Thursday, August 09, 2007

School Taxes and Housing

Yesterday I mentioned that the Morning Call had a report on housing and education (read the post here). With the early discount for taxes due in one month (must be paid on or before September 10) I thought I'd take a closer look at the Call's data along with PSSA scores. Unfortunately the new figures won't be released until month end so I used 2005-06 and averaged all grades' scores for a district figure. And the Call notes tax rates are for 2006, not 2007.

Considering Northampton and Lehigh I noticed the following:
  • Allentown (23 schools and 17,521 students) and Bethlehem (24 schools and 14,984 students) were by far the largest districts with Parkland (10, 8827), Easton (9, 8728), and East Penn (11, 7348) rounding out the Big Five.

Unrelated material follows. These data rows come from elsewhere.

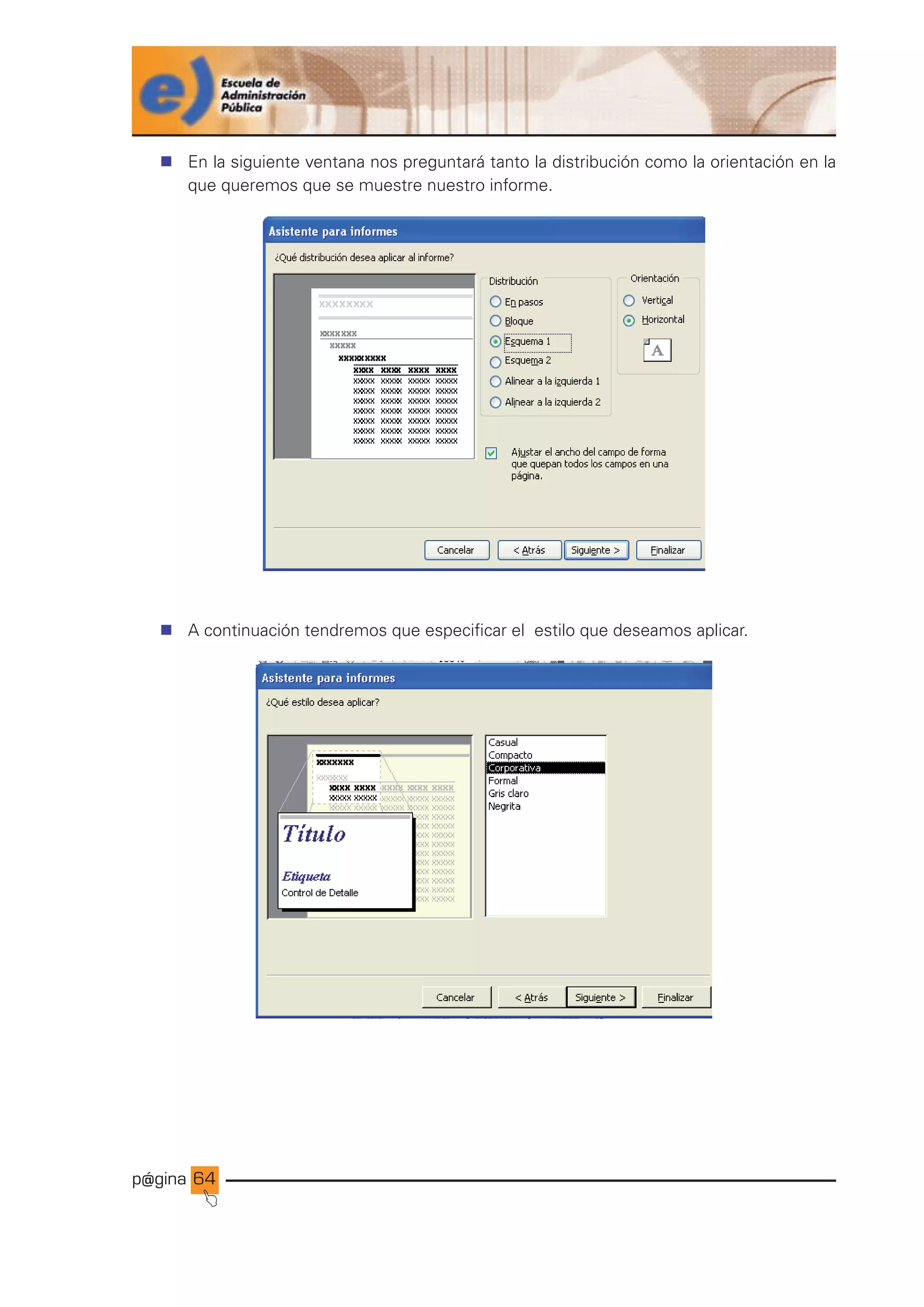 p@gina
´
J
64
n En la siguiente ventana nos preguntará tanto la distribución como la orientación en la
que queremos que se muestre nuestro informe.
n A continuación tendremos que especificar el estilo que deseamos aplicar.
Ir a índice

No other district had more than 5700 and the smallest was Catasauqua (1743 students).
  • Northern Lehigh topped everyone in dollars per $1000 of assessment at $56.82, followed by Saucon Valley $47.06 and Easton $42.91. Nazareth's rate was $38.34, 10th of 17 schools.
  • Percent of housing that was owner occupied was led by Southern Lehigh (88.4%) and followed by Salisbury (87.3%), and Northampton (84.9%). Nazareth was 78.9% and Allentown was lowest at 53%, the only district that scored under 66%.
  • Median Home Value and Average Price of an existing home sold were led by Southern Lehigh ($161,500 and $339,000) and Nazareth ($138,700 and $307,000). For Value, Nazareth trailed Northwestern Lehigh ($148,000, $287,000) and Parkland ($146,100, $274,000), but was the highest in both categories in Northampton County so I gave us the nod.
  • The highest median rent was Parkland ($703). Again Nazareth led its county, but Northampton trailed Lehigh in this category as six Lehigh districts were higher than Nazareth.
  • Of the 17 school districts I looked at Math and Reading, Advanced and Below basic for each and found Saucon Valley led every category in Northampton County, but was not the best overall in any category. Parkland has the highest percent of students in advanced Math and the lowest number below basic. In reading Southern Lehigh had the most and Salisbury the lowest below basic.
  • Nazareth ranked 7th in % Math Advanced and in those lowest number of below basic. For reading, Nazareth was also 7th in % in Math Advanced and 6th in lowest number of below basic.
  • Four Schools stood out from the others: Parkland, Southern Lehigh, Saucon Valley, and East Penn. These districts also shared a high median home value (between $130,300 and $161,500) and high avg. home sale price ($240,000 and $339,000). Percent of renters ranged from 12 to 22%, compared to 22 to 47% for those in the bottom tier (six schools with lowest scores across all categories).
  • Nazareth and Northwestern Lehigh were the only other districts that met the home value, sale price, and % of renters of the big four, but neither achieved the big four's level of test score success.
The new building projects and those recently completed will strain the NASD's resources and the expectations for classroom success are high, but so far coming up a bit short. The new PSSA test scores will be released at the end of the month so hopefully there will be improvement. It also appears that the housing boom is slowing. It will be interesting to see not only how our students fare, but also how we are able to keep up financially.

6 comments:

ryan said...

Thanks for all the insights.

Anyway, is there concern over the whole housing bust, that we might be building a new overly expensive school , that in say 6-7-8 years might not even be half full?? overall in the country from what ive been reading, the mortgage situation is becoming a nightmare and it is really affecting the housing.. anyway just my 2 cents worth, id hate to see us throw 70 million away and be scratching our heads in a couple years...

lineflat said...

There seem to be a lot of people who want to relate dollars spent per child directly to test scores. It is a lot more complicated than that. Spending more money doesn't automatically increase scores - it may help to a point (kids need up to date materials and classrooms), but there are a lot of other factors. Test scores track more reliably with SES (Socio Economic Status) of the students than it does with per-child dollars spent. It just happens to be that they trend together when you look at an entire district against another.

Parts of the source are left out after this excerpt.